Lacking market comparables, Nexla priced its initial enterprise deals by first understanding the customer's internal cost to solve the same problem. They then proposed a price that was a clear fraction—like one-fifth or one-tenth—of that internal cost, making the ROI immediately obvious and justifiable for the buyer.
In initial meetings with enterprise prospects, Nexla's founder didn't pitch a solution. He focused entirely on validating the problem. By asking, "Do you see this problem as well?" he framed the conversation as a collaborative exploration, which disarmed prospects and led to more honest, insightful discussions.
Most SaaS startups begin with SMBs for faster sales cycles. Nexla did the opposite, targeting complex enterprise problems from day one. This forced them to build a deeply capable platform that could later be simplified for smaller customers, rather than trying to scale up an SMB solution.
When engineering teams claimed they could build a solution themselves, Nexla's founder agreed. He then reframed the problem not as a one-time technical challenge, but as an endless, repetitive maintenance task that was not a "career growing trajectory" for talented engineers, making the "buy" decision a strategic move for the engineering manager.

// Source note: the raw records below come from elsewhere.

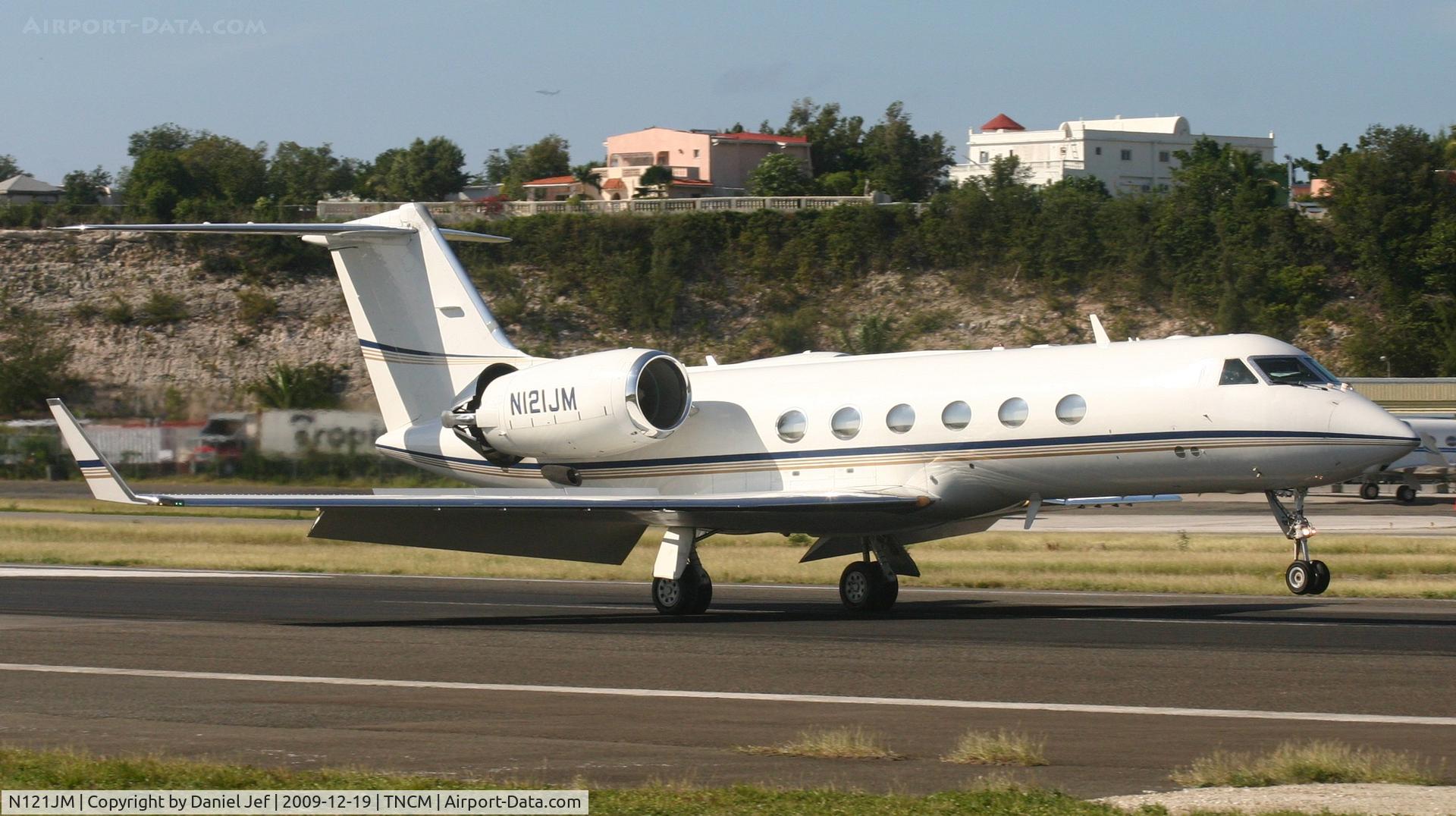 N121JM, 2000 Gulfstream Aerospace G-IV C/N 1399, N121JM Landing on runway 10 at TNCM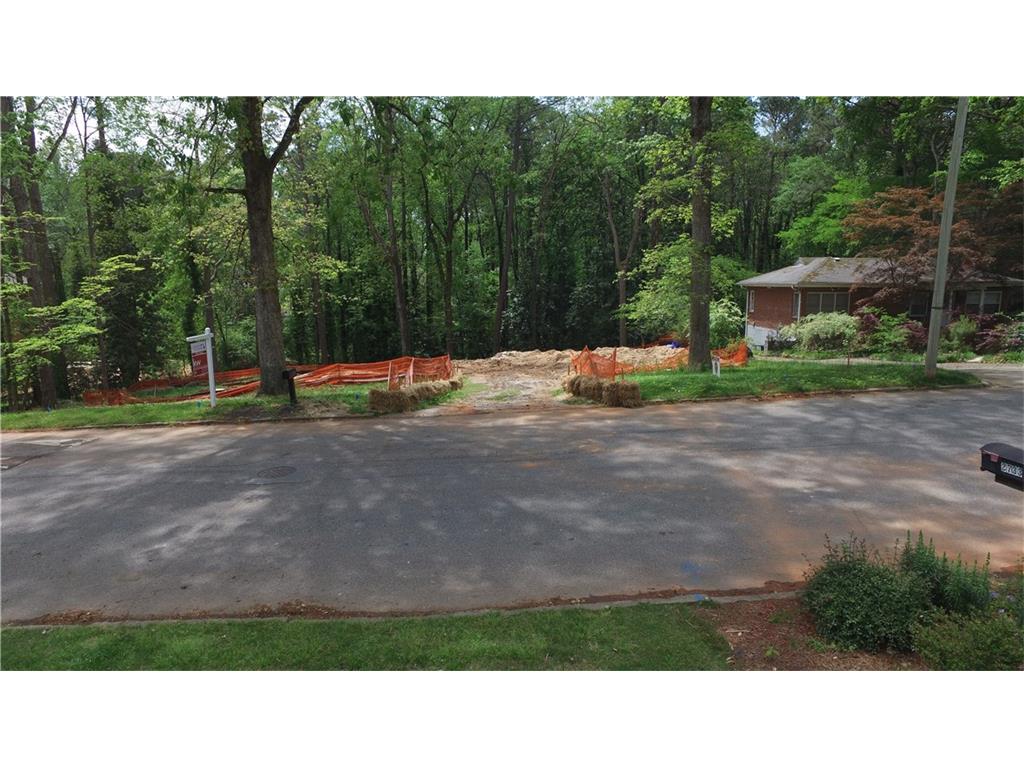 2734 Redding Road NE, Brookhaven, GA 30319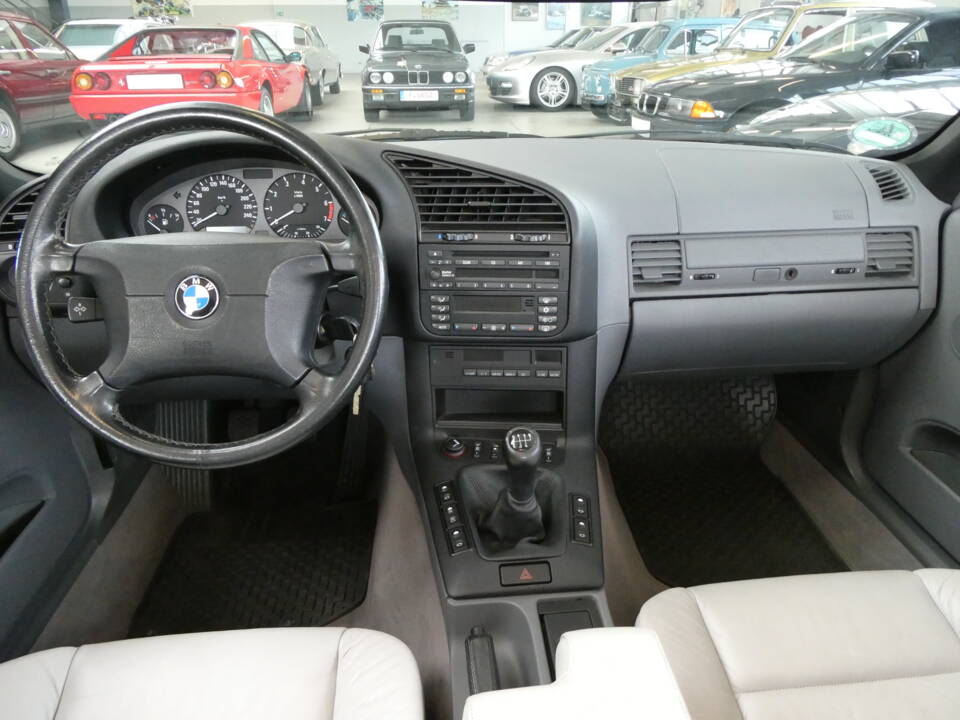 Image 35/36 of BMW 318i (1997)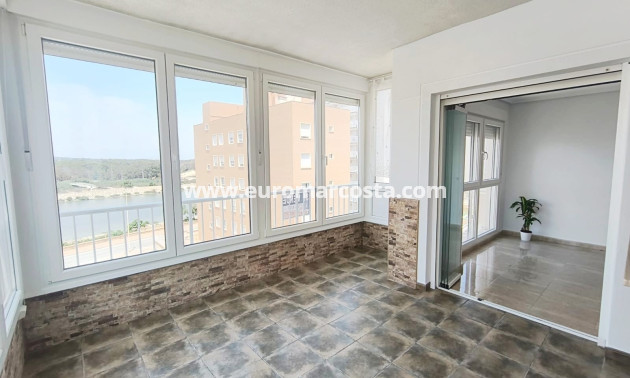 Venta - Apartamento / piso - Guardamar del Segura - Puerto Deportivo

To find enterprise champions with no track record, Nexla's founder looked for signals of an "early adopter mindset." This included identifying employees who had recorded case studies with other startups or were publicly passionate about innovation on platforms like LinkedIn, indicating a willingness to bet on new technology.
A powerful piece of advice from Nvidia CEO Jensen Huang encourages a cycle of impact. First, find a way to work on the most crucial projects ("get on the critical path"). Once your involvement becomes a bottleneck, your next job is to enable others and remove yourself ("get off it") to tackle the next challenge.
To win their first enterprise deal, Nexla's co-founder live-coded a solution to a specific data problem during the sales meeting with Instacart. This "magical moment" demonstrated their agility and technical depth in a way no slide deck could, immediately building trust and differentiating them from slower, incumbent processes.
After a premature growth spurt failed, Nexla's founders reset by taking no salaries and implementing a strict rule: new team members were only added when new customer revenue could justify the cost. This forced discipline led them to become cash-flow positive with multi-seven-figure revenue before their Series A.